[Extracted records]
-----

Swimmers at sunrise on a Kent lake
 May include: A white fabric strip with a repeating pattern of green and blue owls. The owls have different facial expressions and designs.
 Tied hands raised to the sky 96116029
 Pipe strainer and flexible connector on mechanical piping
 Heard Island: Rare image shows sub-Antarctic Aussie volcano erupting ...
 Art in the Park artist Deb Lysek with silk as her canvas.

-----

Produce an exact repeat of the lines from the one containing "Tied hands raised to the sky 96116029" through the last line of the data, and nothing more.

▶ [Solution]
 Tied hands raised to the sky 96116029
 Pipe strainer and flexible connector on mechanical piping
 Heard Island: Rare image shows sub-Antarctic Aussie volcano erupting ...
 Art in the Park artist Deb Lysek with silk as her canvas.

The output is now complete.